» **Exercise directions**
The following entries are to be repeated exactly, and the pictures are to be left behind.

Records drawn from a dataset
-*-*-

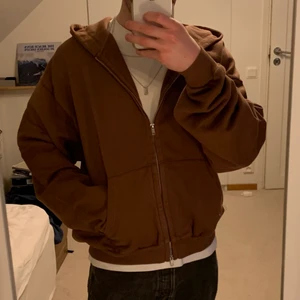 Brun zip hoodie från Rue Porter - Säljer denna ziphoodie som jag köpte ny! Endast provad, snygg och boxy passform. Toppkvalitet, 100% bomull. Säljes då den var lite för stor och returen krånglade :)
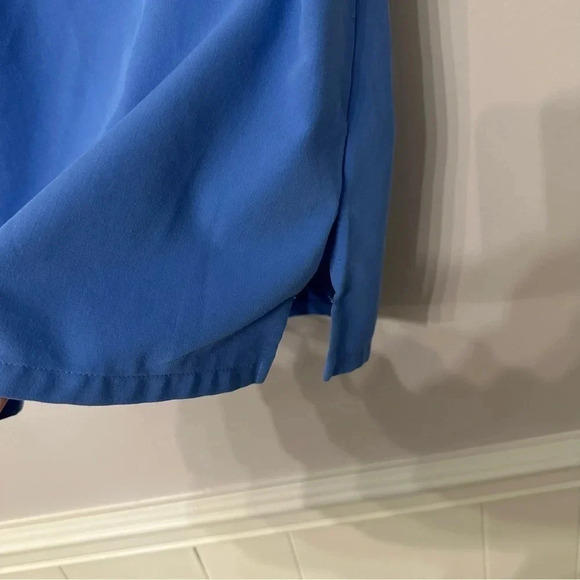 FIGS Technical Collection Catarina One Pocket V-Neck Scrub Top Blue Size M GUC - Picture 9 of 10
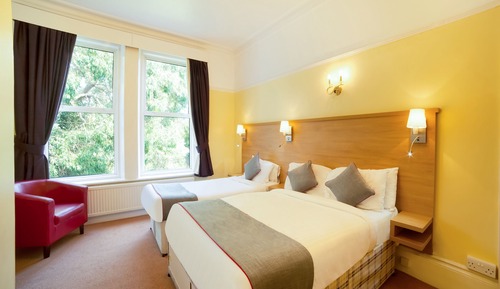 Standard-Dreibettzimmer, Mehrere Betten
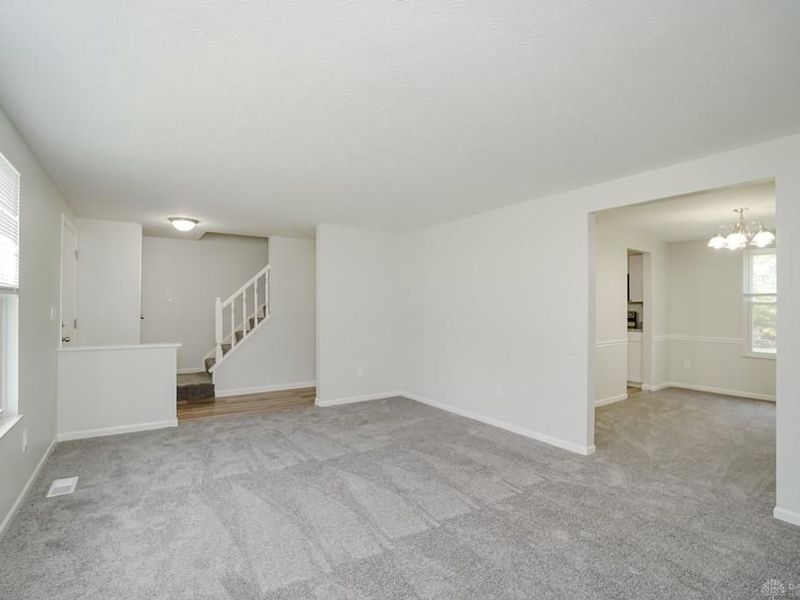 2949 N Bend Road, Cincinnati, OH 45239 Photo 5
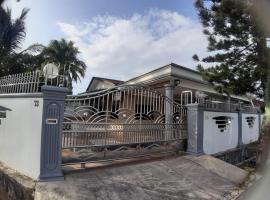 The Crown Homestay, hôtel à Johor Bahru
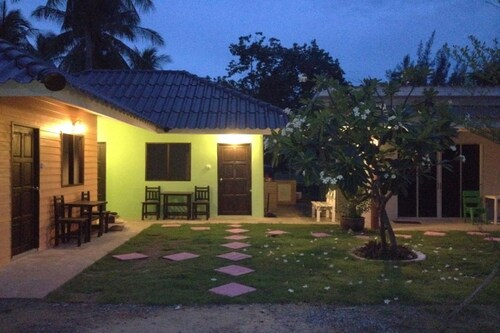 Baan Kiengtalay Samroiyod, K. Sam Roi Yot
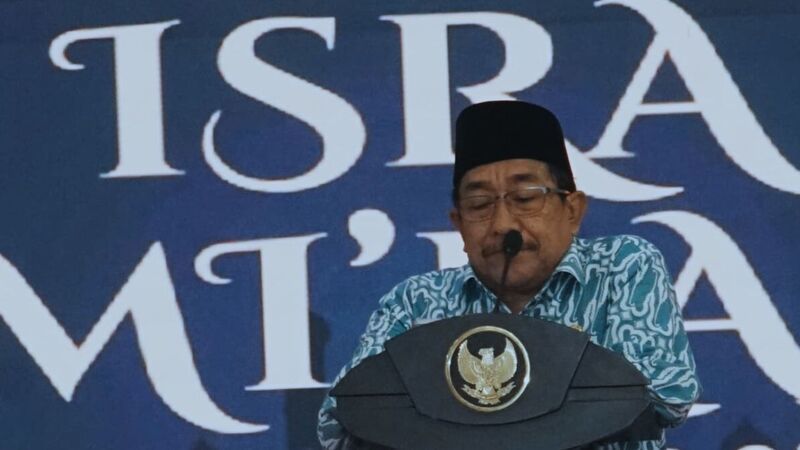 Wabup Imam Hasyim Bahas Shalat Diacara Pemkab Wabup Imam Hasyim Bahas Shalat Diacara Pemkab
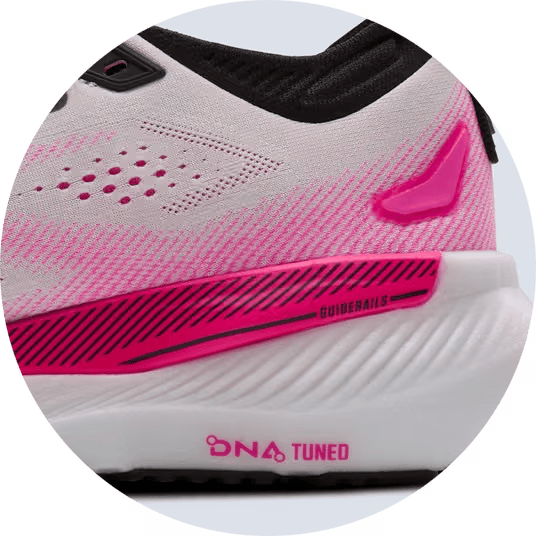 Buty do biegania damskie Brooks GLYCERIN GTS 23 White/Phantom/ Cyber Pink glycerin-gts-23-f-trait-1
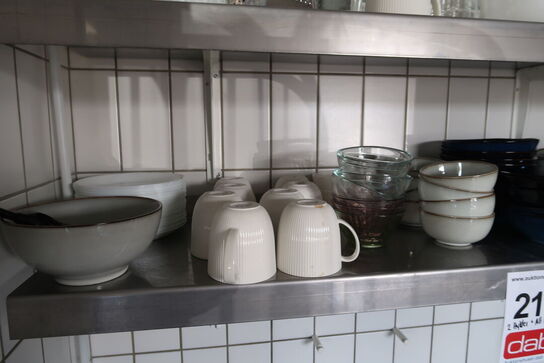 Tøm 2 hylder for indhold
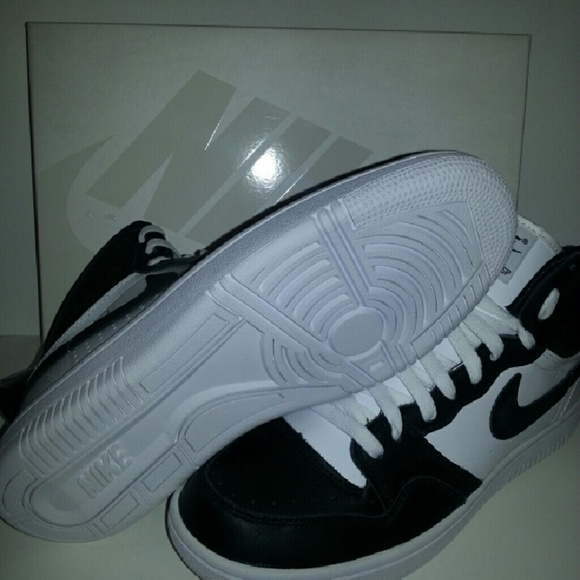 Nike - Picture 2 of 2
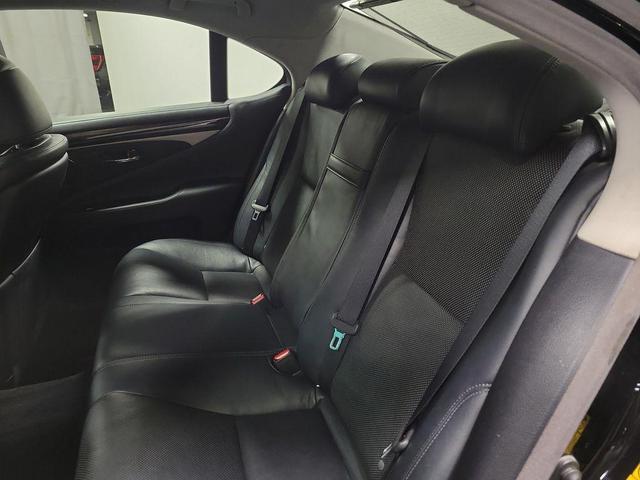 Photo of 2013 Obsidian Lexus LS 460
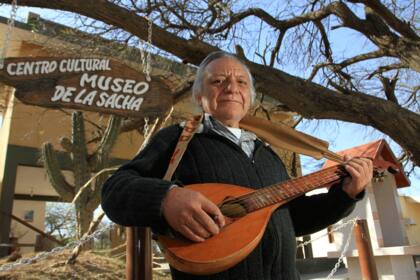 Elpidio Herrera, creador del famoso conjunto Las Sachas Guitarras Atamisqueñas, murió de un ACV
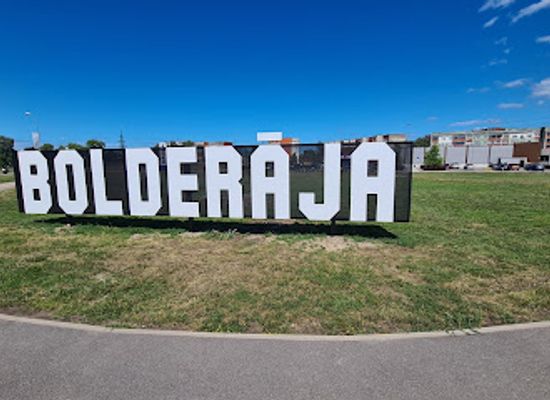 latvia/kurzeme/attraction/bolderaja-sign
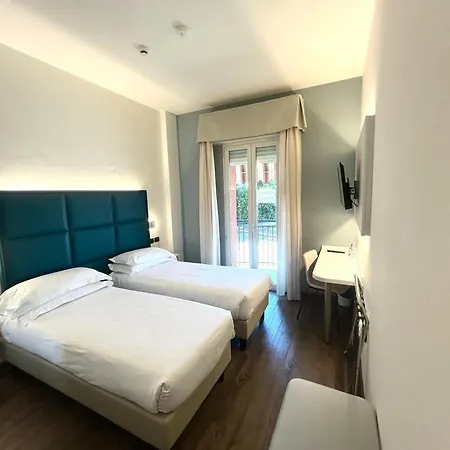 Western Hotel 3*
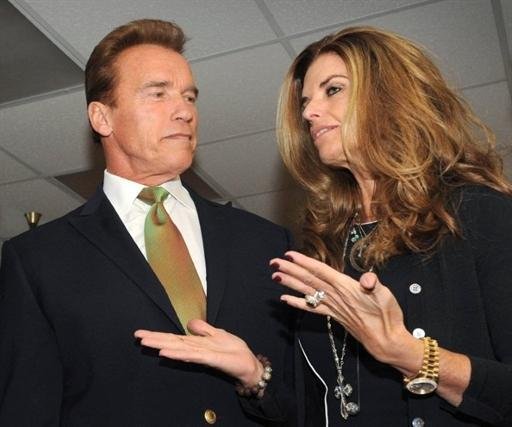 Schwarzenegger admite ter tido filho com amante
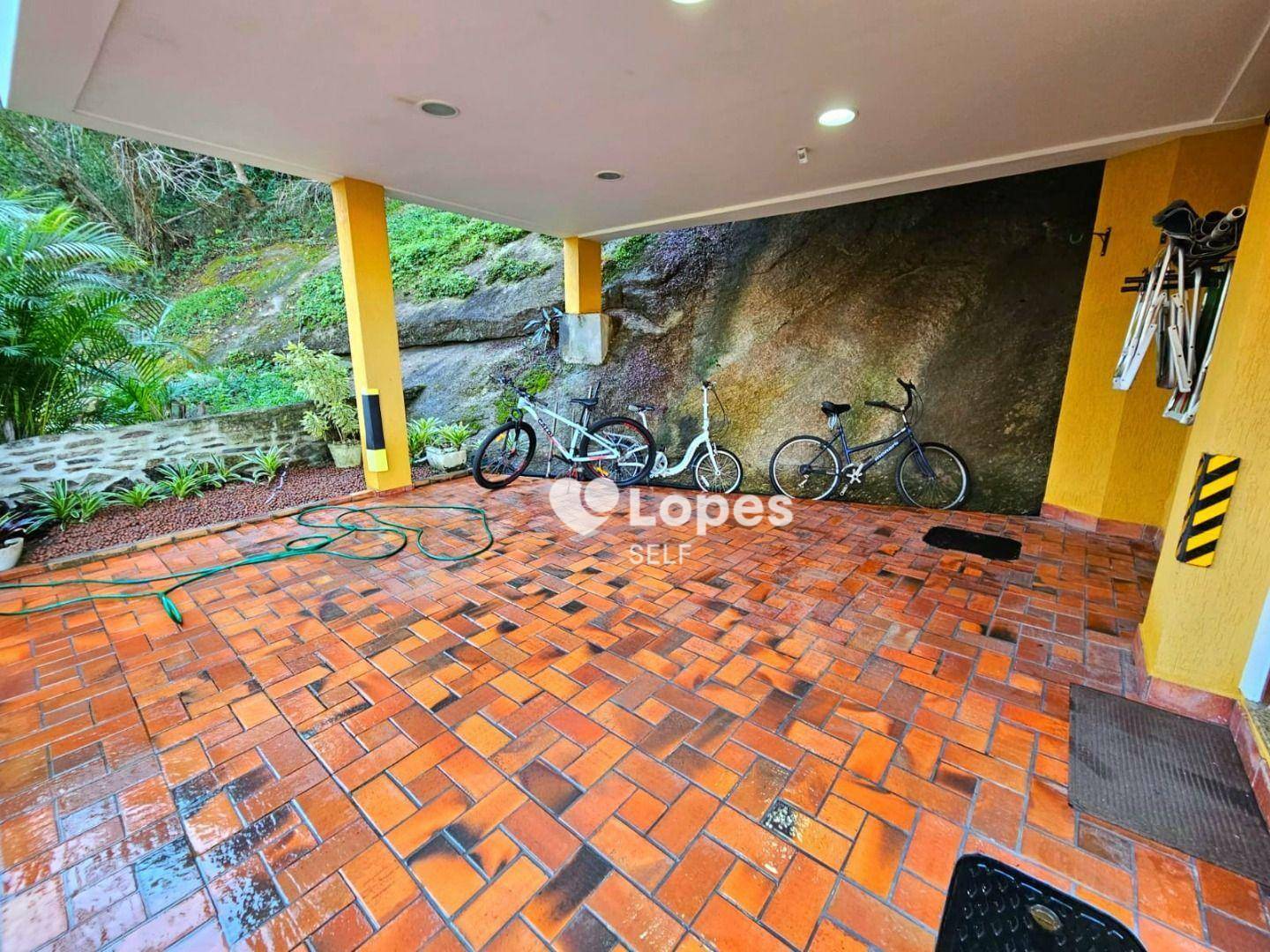 Casa de Condomínio à venda com 4 quartos, 278m² - Foto 33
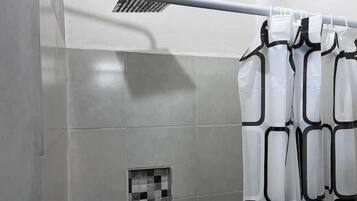 Chuveiro, secador de cabelo, toalhas de banho, sabonete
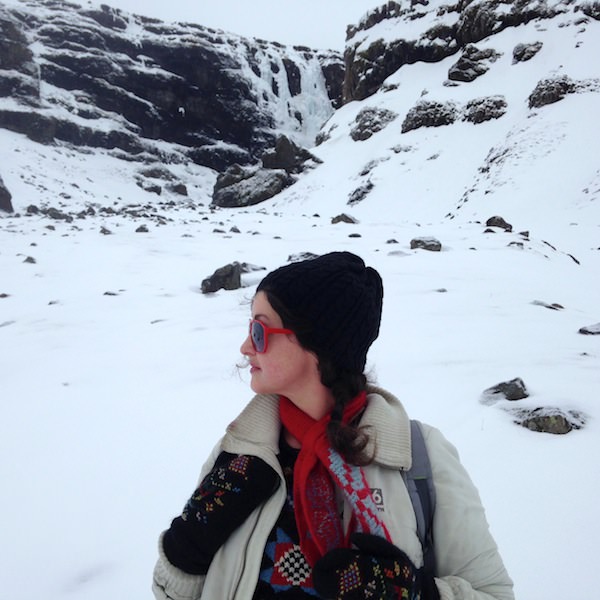 Tricoteuse d'Islande – Hélène Magnússon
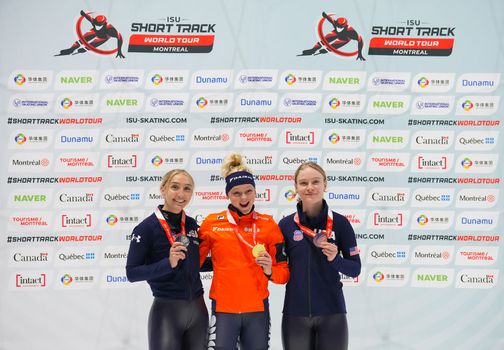 Shorttrackster Xandra Velzeboer boekt bij eerste World Tour twee primeurs in één klap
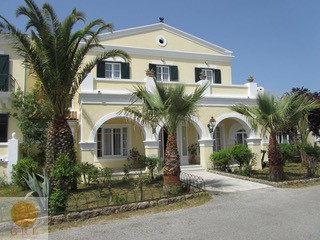 2-East-Side-Entrance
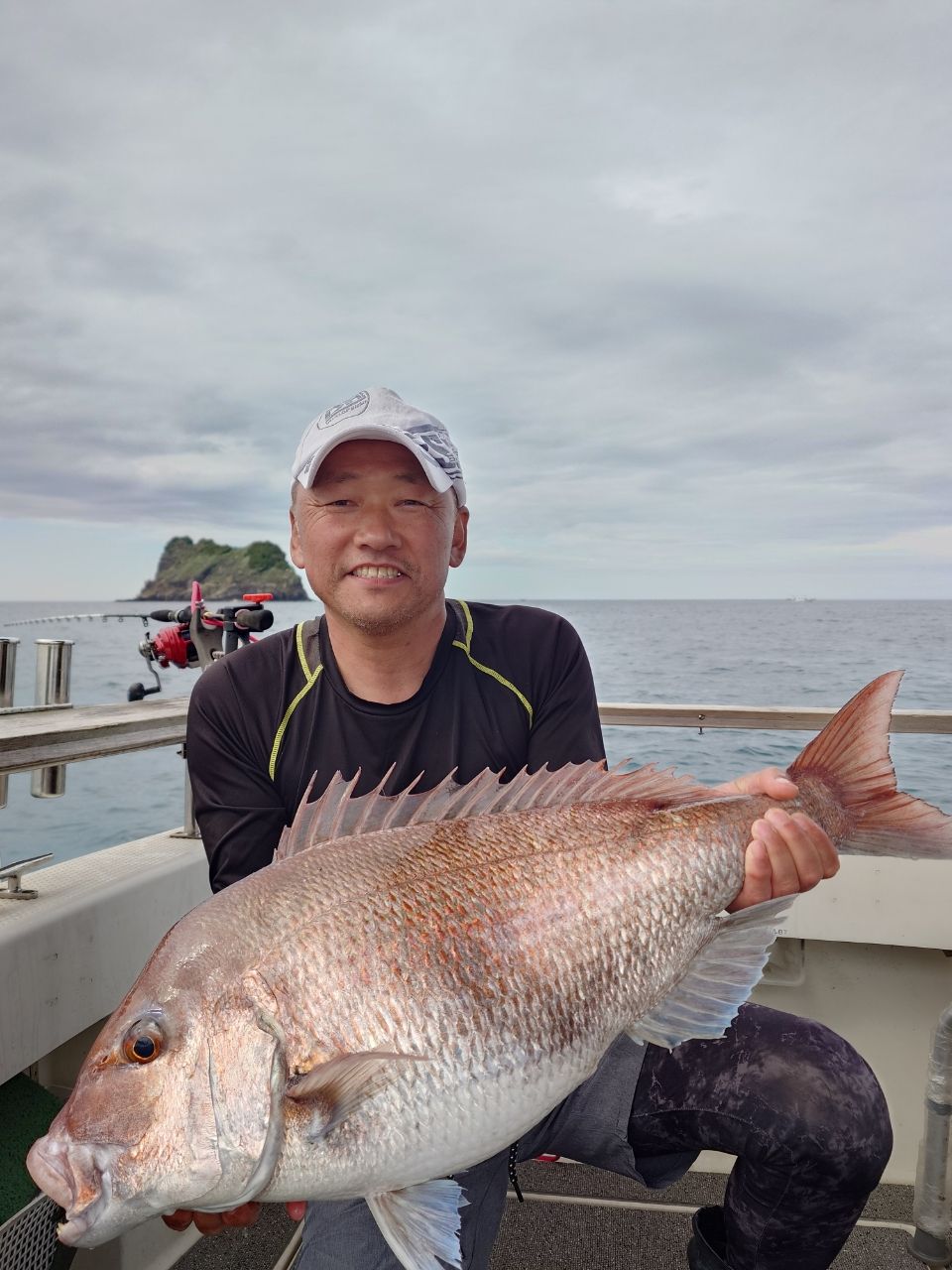 アングラー24342603 さんの 2026年05月06日のマダイの釣り・釣果情報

-*-*-

» **Completed exercise**
 Brun zip hoodie från Rue Porter - Säljer denna ziphoodie som jag köpte ny! Endast provad, snygg och boxy passform. Toppkvalitet, 100% bomull. Säljes då den var lite för stor och returen krånglade :)
 FIGS Technical Collection Catarina One Pocket V-Neck Scrub Top Blue Size M GUC - Picture 9 of 10
 Standard-Dreibettzimmer, Mehrere Betten
 2949 N Bend Road, Cincinnati, OH 45239 Photo 5
 The Crown Homestay, hôtel à Johor Bahru
 Baan Kiengtalay Samroiyod, K. Sam Roi Yot
 Wabup Imam Hasyim Bahas Shalat Diacara Pemkab Wabup Imam Hasyim Bahas Shalat Diacara Pemkab
 Buty do biegania damskie Brooks GLYCERIN GTS 23 White/Phantom/ Cyber Pink glycerin-gts-23-f-trait-1
 Tøm 2 hylder for indhold
 Nike - Picture 2 of 2
 Photo of 2013 Obsidian Lexus LS 460
 Elpidio Herrera, creador del famoso conjunto Las Sachas Guitarras Atamisqueñas, murió de un ACV
 latvia/kurzeme/attraction/bolderaja-sign
 Western Hotel 3*
 Schwarzenegger admite ter tido filho com amante
 Casa de Condomínio à venda com 4 quartos, 278m² - Foto 33
 Chuveiro, secador de cabelo, toalhas de banho, sabonete
 Tricoteuse d'Islande – Hélène Magnússon
 Shorttrackster Xandra Velzeboer boekt bij eerste World Tour twee primeurs in één klap
 2-East-Side-Entrance
 アングラー24342603 さんの 2026年05月06日のマダイの釣り・釣果情報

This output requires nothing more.